I am attempting to compute the Jacobian of a TensorFlow neural network's outputs with respect to its inputs. This is easily achieved with the tf.GradientTape.jacobian
method. The trivial example provided in the TensorFlow documentation is as follows:
with tf.GradientTape() as g:
x = tf.constant([1.0, 2.0])
g.watch(x)
y = x * x
jacobian = g.jacobian(y, x)
This is fine if I want only want to compute the Jacobian of a single instance of the input tensor x
. However, I need to repeatedly evaluate this Jacobian many, many times for various instances of x
. For a non-trivial Jacobian calculation (e.g. for a deep convolutional neural network with non-linear activation functions), this is incredibly expensive to repeatedly rerun the GradientTape calculation and evaluate the jacobian
method. I know from the TensorFlow documentation that the gradients (and hence the Jacobian) are computed via automatic differentiation. I have to imagine there is some internal storage of the analytical gradient of the network (computed by automatic differentiation) which is evaluated at the given inputs.

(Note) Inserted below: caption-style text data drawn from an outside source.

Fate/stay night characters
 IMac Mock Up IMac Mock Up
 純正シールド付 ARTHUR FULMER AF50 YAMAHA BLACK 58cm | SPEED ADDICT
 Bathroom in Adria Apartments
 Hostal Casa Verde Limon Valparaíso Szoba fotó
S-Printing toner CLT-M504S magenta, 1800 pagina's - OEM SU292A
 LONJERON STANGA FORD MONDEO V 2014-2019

My question: am I correct in assuming that TensorFlow builds and stores (at least parts of) the analytical gradients needed to compute the Jacobian? And if so, is there a way to save this analytical gradient and re-evaluate the Jacobian with new inputs without having to reconstruct it via the GradientTape method?
A "persistent" GradientTape does not seem to solve this issue: it only allows for the repeated evaluation of a single GradientTape instance with respect to multiple internal arguments of the computation.